Employers have been tapping remote workers for decades, but I still encounter managers who hesitate to use remote employees because they aren’t confident they will be productive. Stress over how to supervise them makes some managers reluctant to use remote workers. If the disruptions to icons like Eastman Kodak, Block Buster, and Sears show us anything, it is that the key to long-term organizational success requires us to find ways to expand our comfort zone. We can’t benefit from innovations if we don’t embrace change.
There are two philosophies about managing remote workers. One is to monitor every keystroke and the other is to focus on results and build trust that both parties will do what they are supposed to do. I’ve noticed that people generally live up to my expectations, so I prefer to trust people. To do that, I have found it’s better, if your business allows you the luxury, to only hire remote workers who meet certain criteria that makes them well-suited to being productive while working remotely. This is what we’ve learned through experience with remote employees:
- Hire Self-starters: They are fueled by intrinsic motivation that makes them want to produce good work.
Key: Understand what motivates your self-starters. What do they ultimately want? Is it recognition, financial rewards, promotions, or increased knowledge? If they don’t get what they ultimately want, they will self-start themselves out your door to another business that will feed their fire.

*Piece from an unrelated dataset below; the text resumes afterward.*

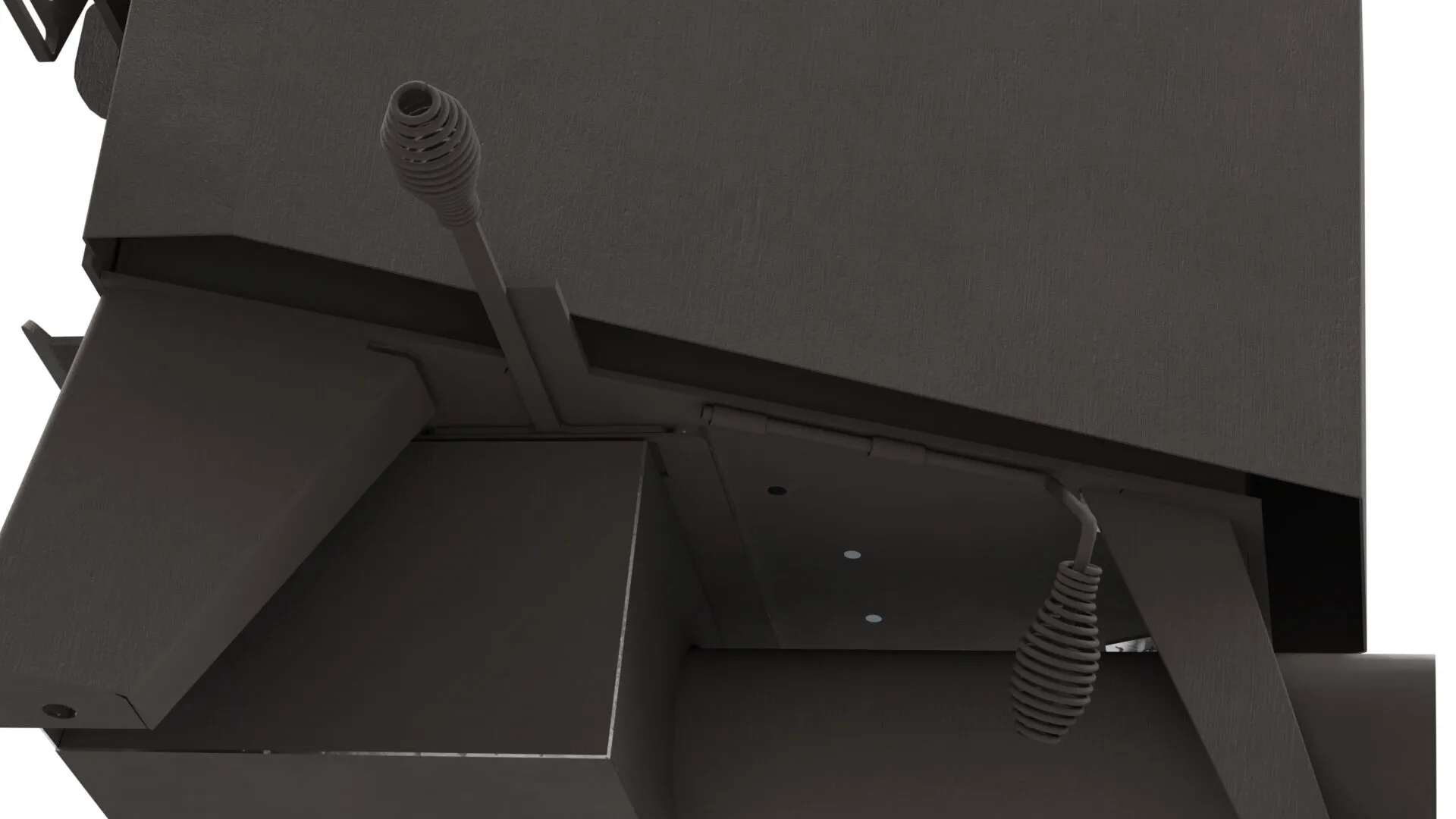 Mini Me stove control handles beneath the pellet hopper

Don’t add external motivation—feed their intrinsic motivation. Deci and Ryan did some fascinating research on motivation and self-determination. When someone who is intrinsically motivated is enticed with extrinsic rewards, their focus can shift in pursuit of the extrinsic reward which causes a drop in their intrinsic motivation. Deci and Ryan found that adding extrinsic motivation when someone was already intrinsically motivated caused the intrinsic motivation to flatline.
- Hire Confident Employees: Working remotely requires the employee to forge ahead or research answers that they might have greater access to if they worked alongside their co-workers. Sending frequent questions to their peers or boss interrupts the workday of the people they ask and employees that lack confidence may stop working while they wait for an answer to a question they could answer themselves with just a little initiative.
Key: If they aren’t confident that they can find the answer, they won’t look for it.
Another aspect of confidence: Remote employees must be good at asking for feedback and acting on the feedback they receive.
- Hire ethical employees: It’s easier for someone to get away with wrongdoing when no one is observing them. Although ethics is important as far as whether the employee will be honest in reporting time, the more important factors are whether your clients will be treated correctly and making sure your reputation is protected.
- Focus of a monk: No, you don’t have to limit your external employees to those who’ve spent months in a Tibetan monastery honing their ability to focus but the ability to focus on tasks and not be distracted is important. Life is full of distractions. The mailman delivers a package during the employee’s work hours. Does the employee set it aside or open it? If they open it, do they start enjoying it before remembering they’re at work? If they’re doing research, do they get distracted by things that aren’t related to their work or do they stay on task?
Communication is Critical
Good communication is critical to success with remote workers. To that end, it can be worthwhile to establish communication policies. We’ve found the following help avoid misunderstandings and keep everyone on the same page:
- The Benefit of the Doubt Rule: This rule is the opposite of the next rule. The benefit of the doubt rule requires employees to assume good intentions in their co-workers’ actions. This is a great way to avoid the hassles that can occur when someone assumes ill-intent and the resultant stress and hurt feelings that approach can cause.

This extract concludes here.